La taxonomie, est la science de l'identification des taxons. Elle relève d'experts qu'ils soient professionnels ou non. Le problème avec les spécialistes c'est qu'ils ne sont pas assez nombreux ! Les programmes de sciences participatives permettent aux scientifiques « d'accumuler une grande quantité de données, qu'ils n'auraient pas obtenues par eux-mêmes » Romain Julliard (septembre 2010). Mais bien entendu, on n'attend pas des participants une connaissance d'expert !

Les protocoles sont pensés pour répondre à cette attente et de fait il n'est pas toujours demandé une identification jusqu'à l'espèce. Ce sont alors des morpho-espèces qui sont identifiées, c'est à dire un groupe d'espèce à l'écologie commune. Par exemple pour les vers de terre, on identifie des groupes selon leur occupation du sol.

Pour atteindre le grand nombre de données nécessaire, la nature des programmes est sélectionnée avec soin afin d'être faisable par le plus grand nombre tout en répondant à une question d'écologie. Les sujets abordés doivent aussi répondre aux intérêts des volontaires et favoriser leur épanouissement en abordant les aspects fascinants et merveilleux de la nature puisque le succès d'un programme dépend du public qui le fait vivre.

Les programmes de sciences participatives sont-ils vraiment fiables ?

Du fait de l'implication du grand public, certains scientifiques ainsi que certains citoyens doutent de la fiabilité des résultats des sciences participatives. Qu'ils se rassurent, comme le souligne Romain Julliard : « Les volontaires n'ont pourtant, à mes yeux, pas d'autre intérêt à participer que de faire les choses au mieux ». Il faut donc avoir confiance en ses observations si on les a faite au mieux, d'autant que « L'intérêt de ces programmes ne dépend pas de la fiabilité de chacune des données, mais plutôt du respect du protocole d'observation, et de la quantité d'informations récoltées ». Il n'y a donc aucune raison d'hésiter à participer ou de censurer ses données.

Ainsi, même si quelques réponses sont erronées et sortent du lot, la masse de données tend vers un résultat commun. De plus le taux d'erreur d'identification a pu être testé et est estimé à moins de 5% pour l'Observatoire des Papillons des Jardins. Il ne faut jamais oublier que ce risque n'est jamais nul même pour les plus compétents bien qu'il soit très important de le minimiser autant que possible !

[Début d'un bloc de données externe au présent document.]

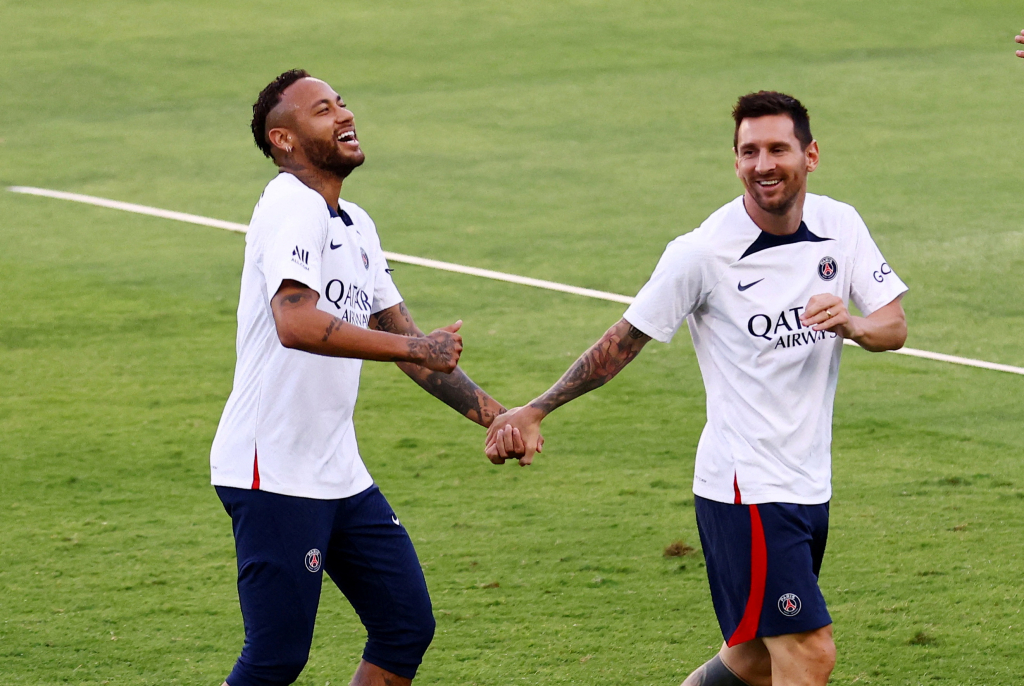 Neymar linked with blockbuster Messi reunion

Ces craintes que provoquent l'idée de faire participer le grand public oublient qu'au-delà de l'objectif principal, soit la collecte de données standardisées pour alimenter le travail des chercheurs, « ces programmes ne servent pas qu'à générer de nouvelles connaissances : ils contribuent aussi à éveiller l'intérêt du public pour la nature, et participent, nous l'espérons, à une meilleure perception des sciences. » Romain Julliard (septembre 2010).

La contribution des sciences participatives à la recherche

L'objectif affiché des programmes de sciences participatives est bien de contribuer à l'amélioration des connaissances scientifiques. Qu'en est-il réellement ?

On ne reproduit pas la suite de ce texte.